Image classification topologies corrected for Neon 2.2 and Neon 2.3 #24

tpatejko · 2017-11-07T12:21:43Z

All_cnn, Alexnet, Googlenet and Alexnet work with Neon 2.3 and Aeon 1.0.
DeepResnet works with Neon 2.2 due to errors related to bias fusion (?)

…nfig

tpatejko · 2017-11-07T12:26:29Z

DeepResnet on Neon 2.3 gives the following error:

File"resnet_eval.py", line 63, in
model = Model(load_obj(args.model_file), weights_only=True)
File "/home/tpatejko/_aeon/ModelZoo/neon_2.3/neon/models/model.py", line 70, in init
self.deserialize(layers, load_states=(not weights_only))
File "/home/tpatejko/_aeon/ModelZoo/neon_2.3/neon/models/model.py", line 475, in deserialize
self.layers.load_weights(model_dict['model'], load_states)
File "/home/tpatejko/_aeon/ModelZoo/neon_2.3/neon/layers/container.py", line 202, in load_weights
branch.load_weights(bdict, load_states=load_states)
File "/home/tpatejko/_aeon/ModelZoo/neon_2.3/neon/layers/container.py", line 202, in load_weights
branch.load_weights(bdict, load_states=load_states)
File "/home/tpatejko/_aeon/ModelZoo/neon_2.3/neon/layers/container.py", line 198, in load_weights
pdict['config']['layers'] = self.fusion_pass(pdict['config']['layers'])
File "/home/tpatejko/_aeon/ModelZoo/neon_2.3/neon/layers/container.py", line 177, in fusion_pass
if any([pattern(l1, l2) for pattern in patterns]):
File "/home/tpatejko/_aeon/ModelZoo/neon_2.3/neon/layers/container.py", line 172, in
y['type'] == 'neon.layers.layer.Bias']
TypeError: 'NoneType' object has no attribute 'getitem'

wei-v-wang · 2017-11-08T06:33:01Z

Thanks @tpatejko for the PR.
Regarding DeepResnet failure, could you please try the code pattern discussed in NervanaSystems/neon#415 ?
i.e. can you try to re-write Model(load_obj(args.model_file), load_states)
to
Model (...)
model.load_params(args.model_file, load_states)?

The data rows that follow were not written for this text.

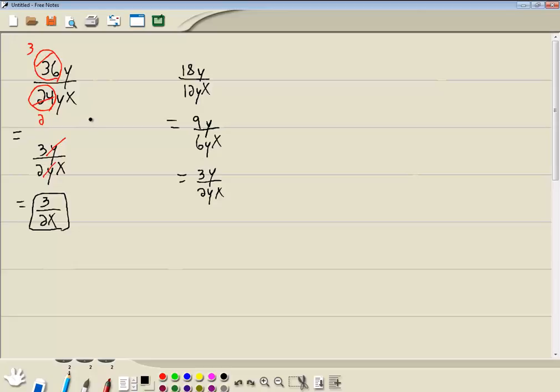So if you just start in with reducing, you'll eventually get there, even if you have a few extra steps. The key part is that you can see what they're both divisible by, in terms of numbers.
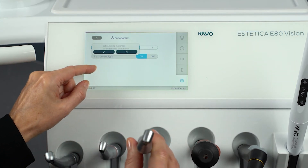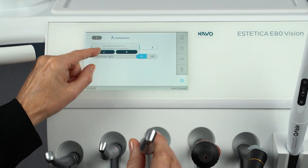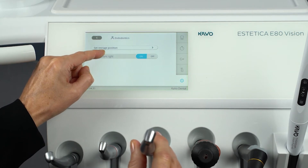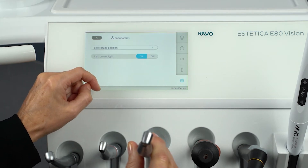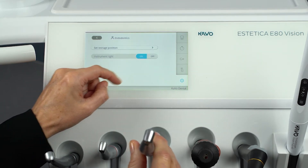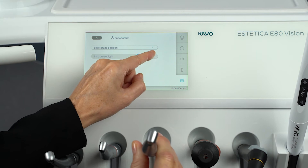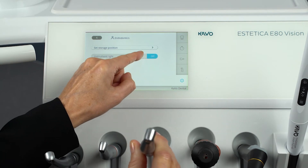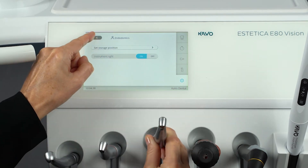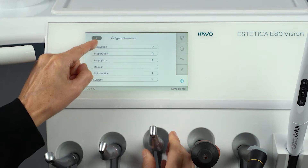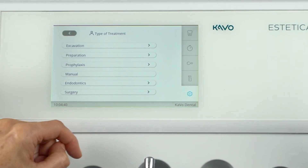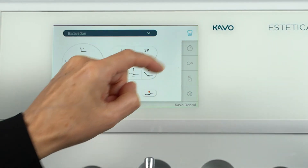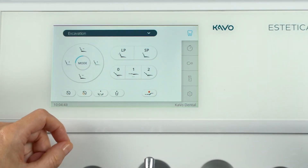After opening the dialog field, take the desired motor for the treatment type Endodontics from the tray and confirm the selection. Put the motor back down after selecting the light setting. The Endo function is now selected for this motor.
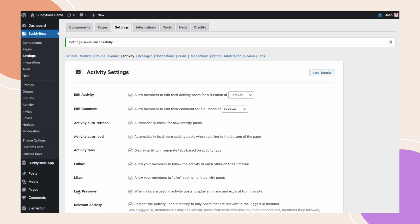And just like that we are now allowing users to edit their comments which will give them the ability to correct typos, grammatical mistakes and add images, GIFs, videos or documents in their comments.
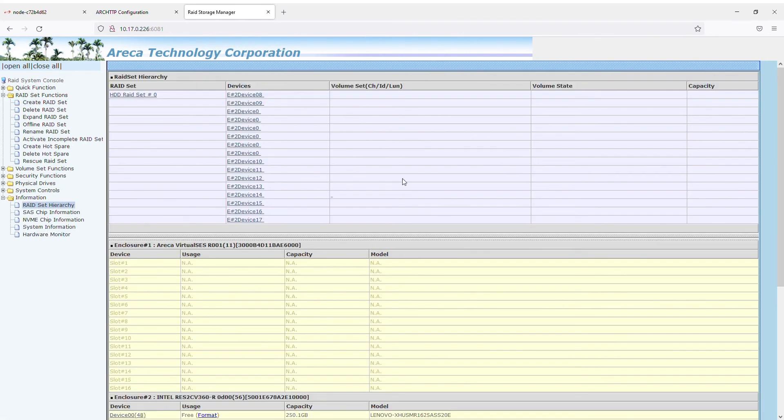Step 9. Go to the information section in RAID set hierarchy. As you can see, the created RAID set is already there.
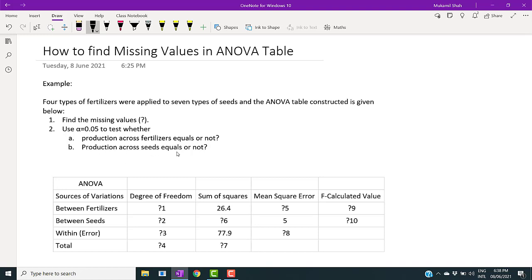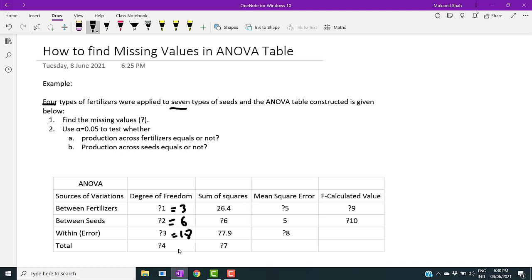Since the number of fertilizers is four, the degrees of freedom between fertilizers is four minus one, which equals three. Since the number of seeds is seven, the degrees of freedom between seeds is seven minus one, which equals six. The degrees of freedom for error is three times six, which equals 18. The total degrees of freedom is the sum of all three, which equals 27.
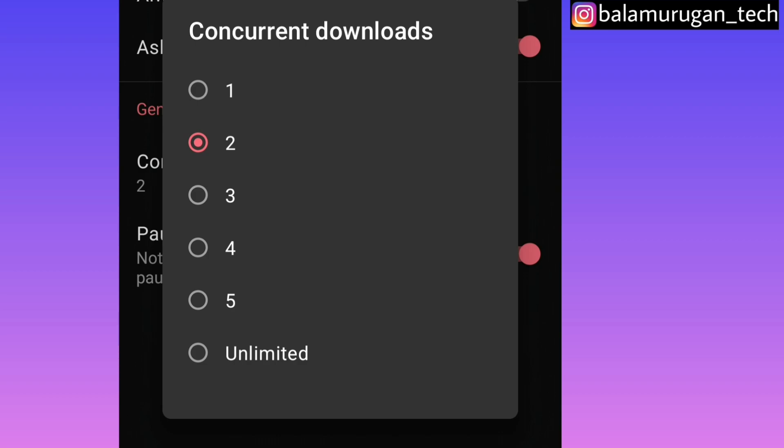If you have a download file, you can add a download file. You can add a download file. If you have unlimited files, you can add a download file and include the download file.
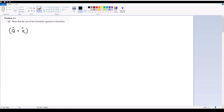what we're trying to show is that the inner product of F with Q̂ plus R̂ acting on F is equivalent to Q̂ plus R̂ acting on F, inner product with F. There are multiple ways to do this — a shorthand way and a more longhand strict proof via integrals.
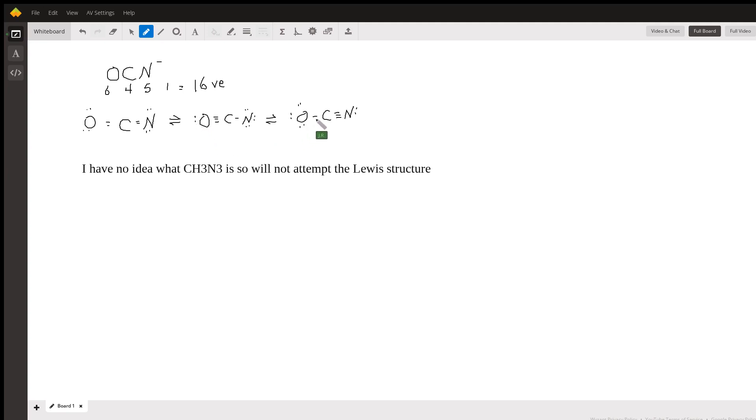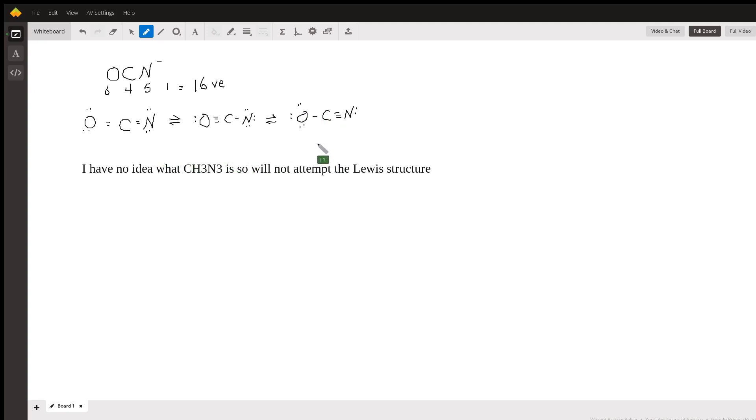These would be the three resonance structures. If you wanted to know which one would be the most stable, you would assign formal charges.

Also, could you please take a look at https://github.com/NervanaSystems/modelzoo/tree/VGG_neon2.3 to merge the best ingredients of the two for VGG?

Thank you!

baojun-nervana · 2017-11-09T23:26:56Z

ImageClassification/ILSVRC2012/Alexnet/test.sh

@@ -22,7 +22,7 @@ WEIGHTS_FILE=${WEIGHTS_URL##*/}
 echo "Downloading weights file from ${WEIGHTS_URL}"
 curl -o $WEIGHTS_FILE $WEIGHTS_URL 2> /dev/null

-python -u alexnet_neon.py --test_only -i ${EXECUTOR_NUMBER} -w /usr/local/data/I1K/macrobatches/ -vvv --model_file $WEIGHTS_FILE --no_progress_bar | tee output.dat 2>&1
+python -u alexnet_neon.py --test_only -i ${EXECUTOR_NUMBER} -w /data/i1k-extracted/ --manifest_root /data/i1k-extracted --manifest train:/data/i1k-extracted/train-index.csv --manifest val:/data/i1k-extracted/val-index.csv -vvv --model_file $WEIGHTS_FILE --no_progress_bar  -z 256 | tee output.dat 2>&1


can you use "/dataset/aeon/I1K/i1k-extracted/" instead of "/data/i1k-extracted/" to be consistent with validation dataset structure?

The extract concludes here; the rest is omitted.